"Google has added server side support for a new strand of the Diffie-Hellman (DH) key exchange protocol. Their assumption is that in ten years from now someone might break the RSA key exchange protocol (or at least make it practical to break certain key sizes) and would use that capability to go back and decipher recorded streams. But here is where they got it wrong:
1. Using larger key sizes today would have made this concern irrelevant (at least for 50 years)
2. Presumably in 10 years someone might be able to break DH more efficiently (although DH has a stronger theoretical basis than RSA), or even AES.
Yet, a greater problem remains. In the past couple of years, we have witnessed the attacker community focusing on some practical types of attacks which Google's enhancement does not address at all:
- Attacks against PKI. Over the past year, attackers have repeatedly compromised various CA organizations. These include, DigiNotar, GlobalSign, StartSS, Comodo and Digicert Malaysia. A hacker, who gains control on any CA, can then use it to issue fraudulent certificates and masquerade any website.
- The theft of issued certificates. While SSL prevents access to traffic by attackers it has no built-in mechanisms that allow restrictive access to it by collaborative 3rd parties. For example, proxies, load balancers, content delivery networks (CDNs) need to access the certificate's private key in order to access application data.
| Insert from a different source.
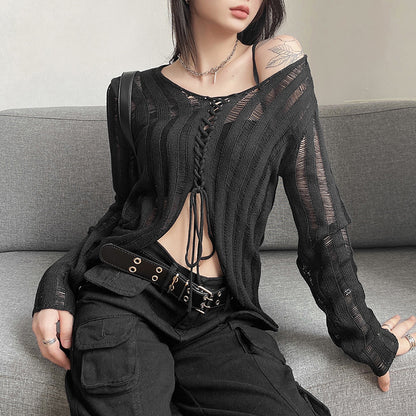Women's Solid Color Loose Street Fashion V-neck Top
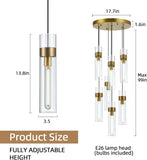 Glass Tube Brass Pendant Lights 1 Light/7 Lights - thebelacan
As a result, the digital certificate is now stored in many locations - some residing outside of the site's physical environment and out of the application's owner control. These open up additional attack points which imply a higher success rate for attackers.
- Denial of Service attacks. The heavy computational burden incurred by the SSL-handshake process leaves SSL-protected resources prime candidates for effective Denial of Service (DoS) attacks. Together with an increased consumption of computer resources per session, a multitude of simple attacks can be devised very efficiently."